研究実績の概要 |
1. 社会的選択規則の虚偽申告防止性能については「個人の選好が少し変化したときに社会的選択は変わらないか,少ししか変化しない」という公理(bounded response)を手掛かりに以下のような成果を得た:(i) 社会的選択として選択対象を順序づける場合には,bounded responseを満たしながら虚偽申告防止性能を有することと,「無関連対象からの独立性」との関係を明らかにした(Sato, 2015, Social Choice and Welfare).(ii) 社会的選択として1つの選択対象を選ぶ場合には,「耐戦略性」というよく知られた虚偽申告防止性能の定式化が(individual)bounded responseと簡単な2つの条件に分解できることを示し,最多得票性を特徴づけた(Muto and Sato, Social Choice and Welfare, 掲載決定済み).(iii) このようにその重要性が明らかになったbounded responseは,それと「効率性」を満たすものが独裁制しかないことも示した(Muto and Sato, Journal of Mathematical Economics, 掲載決定済み).

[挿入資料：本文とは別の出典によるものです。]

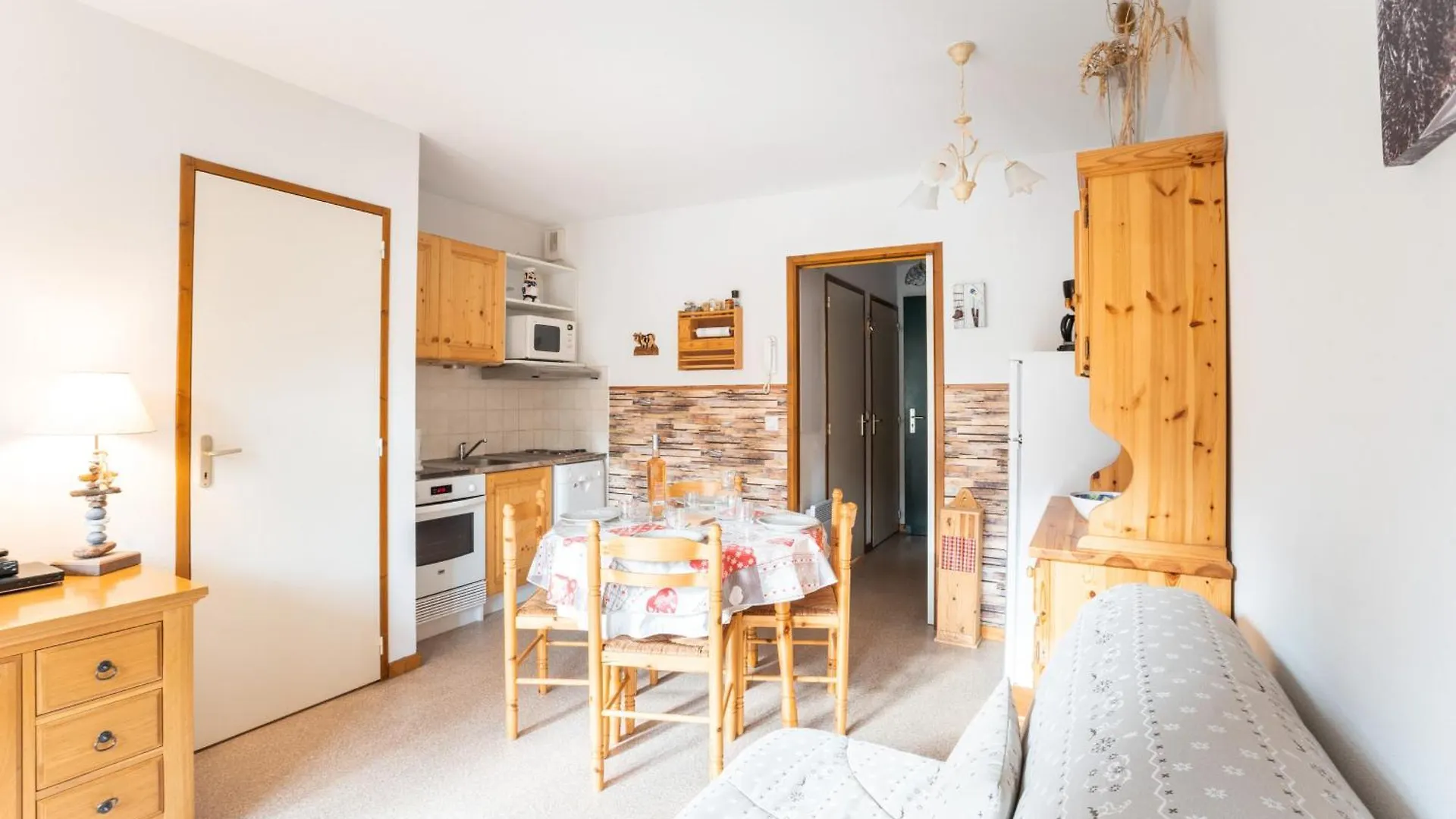 La Joue Du Loup, Appartement Pour 4 Avec Terrasse Le Devoluy Apartment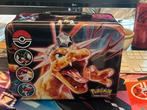 Pokemon charizard collector chest excl booster packs, Ophalen of Verzenden, Zo goed als nieuw, Booster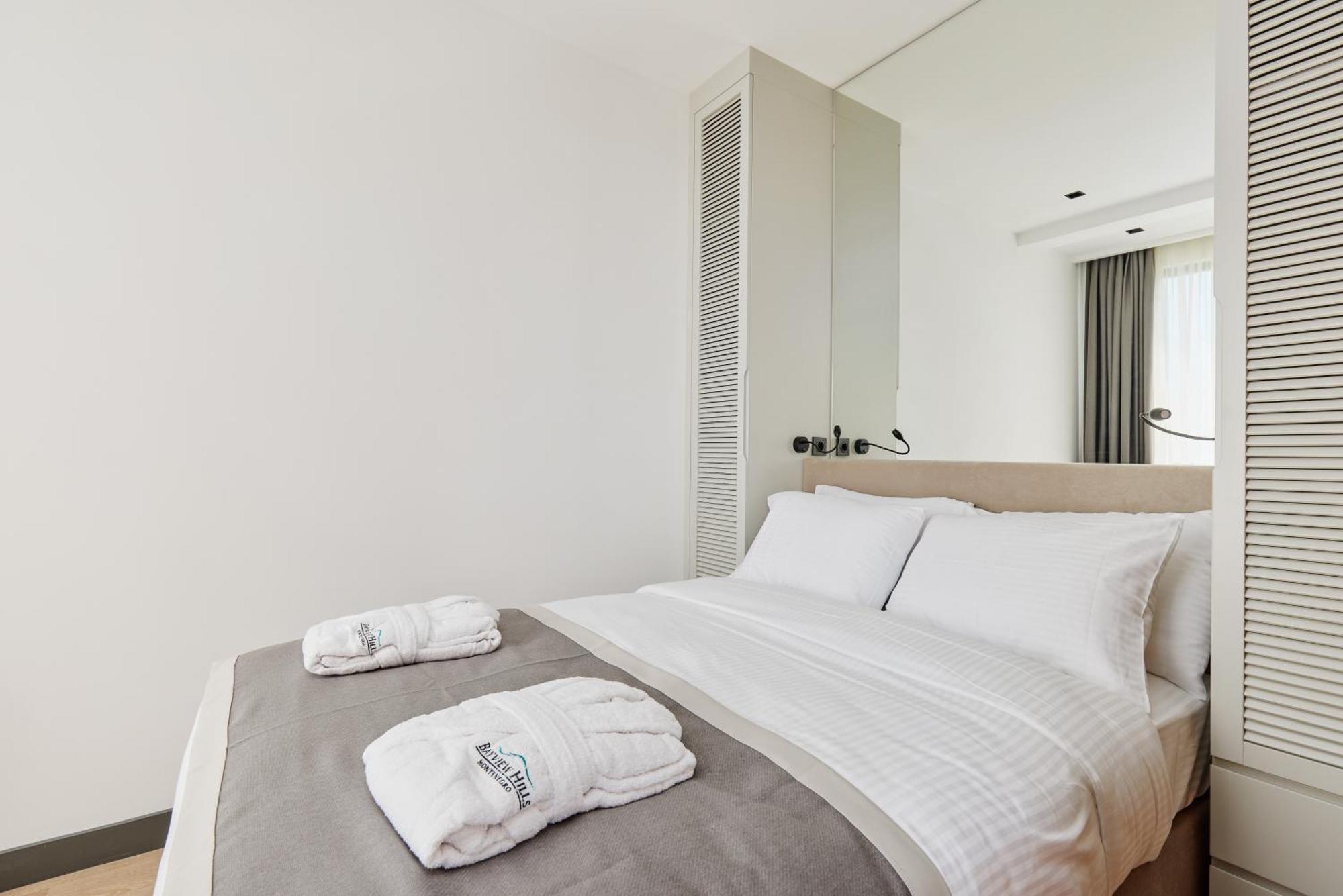 Bayview Hills Luxury Residences Tivat Exterior photo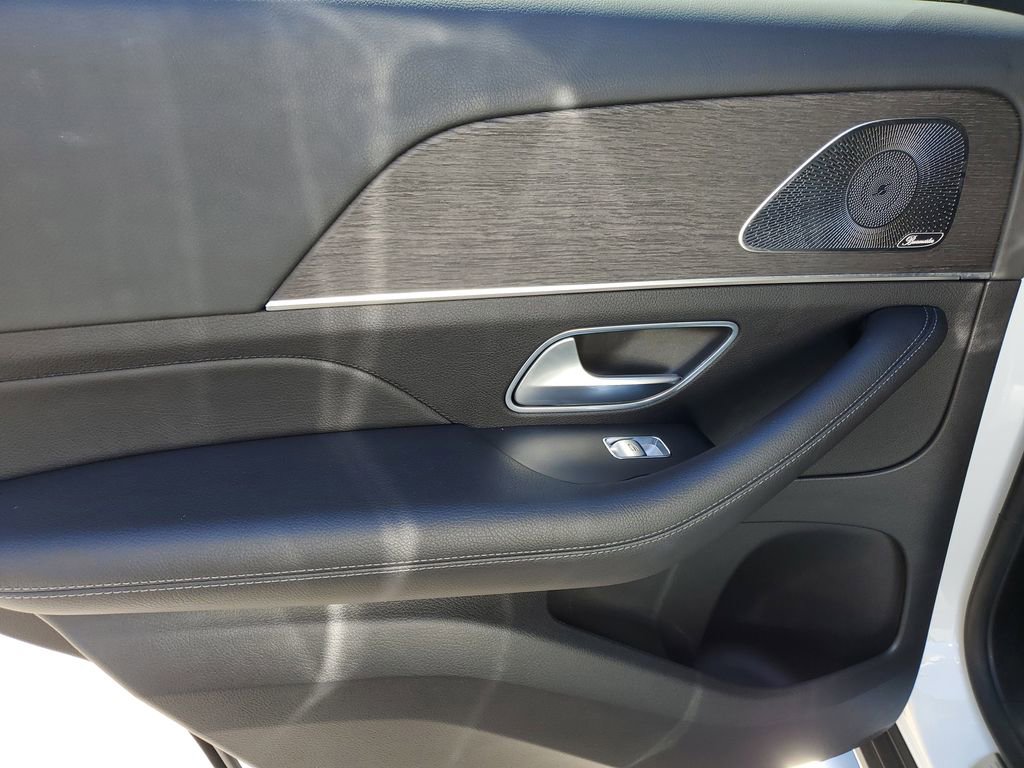 Used 2022 Mercedes-Benz GLE 350 4MATIC w/ Premium Package image 10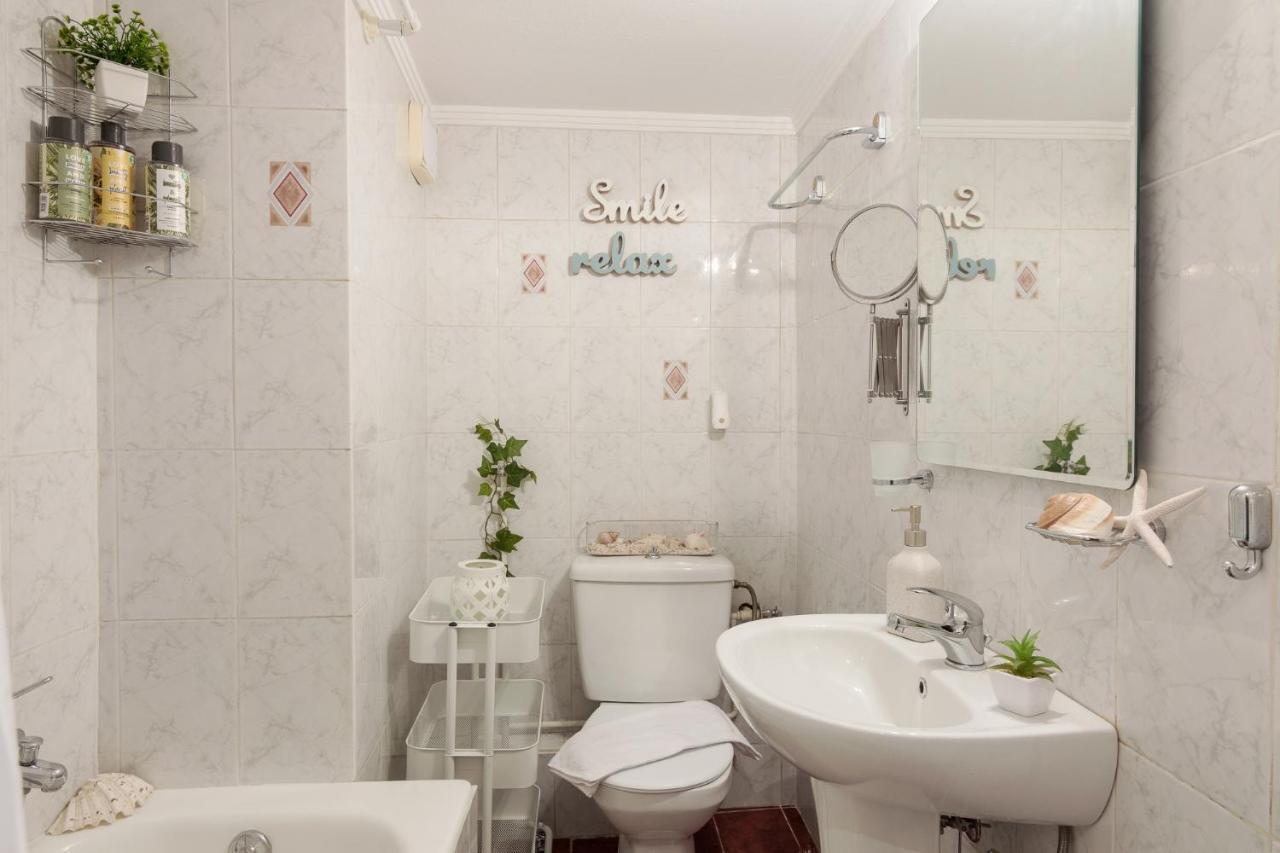 Classic And Modern Apartment In Aten Exteriör bild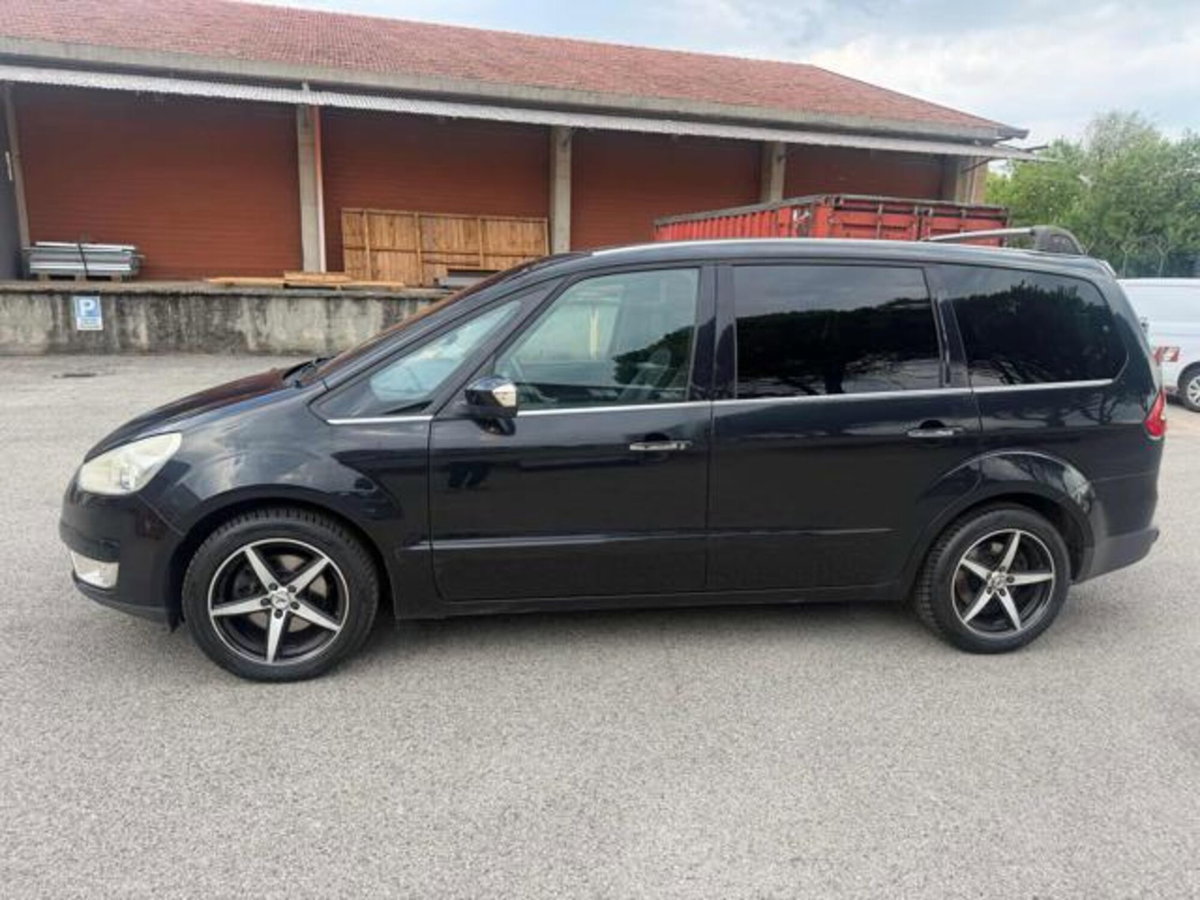 Ford Galaxy 2.0 TDCi 140 CV Ghia DPF (14)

2. 社会的選択の情報的基礎に関する研究の成果として,ある意味で望ましい規則の中で最も少ない情報量で遂行できるのは,決選投票を伴う最多得票制であることを示した(Sato, 2016, Mathematical Social Sciences).
3. 虚偽申告防止性能と情報的基礎の両方に関わる研究について,最近注目されている枠組みであるpreference-approvalモデルを考えた.Preference-approvalモデルにおいては各個人は選択対象の順序のみではなく「許容可能」か「許容不可能」という評価も持つ.伝統的なモデルよりも豊富な情報を含むので,「虚偽申告によって社会的選択が許容不可能なものから許容可能なものに変化するときのみ,虚偽申告が行われる」といった条件を定式化できる.この条件に基づいた虚偽申告防止性能を定式化し,不可能性・可能性の両方の結果を得た(Erdamar, Sanver, and Sato, 2016, 学術誌にて査読中).